The four layers of this chocolate cake are filled with a sweet raspberry filling and frosted with a creamy combo of whipped topping and store-bought vanilla frosting.
Preparation Time
25 mins
Cooking Time
40 mins
Total Time
1 hr 5 mins
Calories
480 Calories
Recipe Instructions
Step 1
Preheat the oven to 350 degrees F (175 degrees C). Grease two 9-inch round cake pans with baking spray. Mix cocoa and flour together and use to flour the pans.
Step 2
Combine cake mix, water, vanilla yogurt, pudding mix, vodka, vegetable oil, and eggs in a large bowl. Mix on low speed until moistened. Mix on medium speed for 2 minutes, then stir in chocolate chips. Divide batter evenly into the prepared cake pans.
Step 3
Bake in the preheated oven until the centers spring back at your touch, 40 to 50 minutes. Cool in the pans for 5 minutes. Run a table knife around the edges to loosen. Invert carefully onto a serving plate or cooling rack and let cool completely, about 25 minutes.
Step 4
Meanwhile, combine raspberries and sugar for filling in a saucepan over medium heat.
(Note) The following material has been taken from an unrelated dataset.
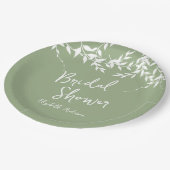 Sage Green Botanical Leaves Vrijgezellenfeest Papieren Bordje (Gekanteld)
Cook, stirring frequently, until they reduce by about 50%. Set aside to cool.
Step 5
Slice each cooled cake layer horizontally into two layers. Place the bottom layer on a serving plate and top with 1/3 of the filling. Repeat with 2 more layers and remaining filling. Top with final layer.
Step 6
Combine vanilla frosting, whipped topping, and melted white chocolate in a large mixing bowl; mix on high speed until smooth and creamy.
Step 7
Frost the top and sides of the cake. Decorate with extra chocolate chips and/or raspberries, if desired. Chill for at least 1 hour before serving.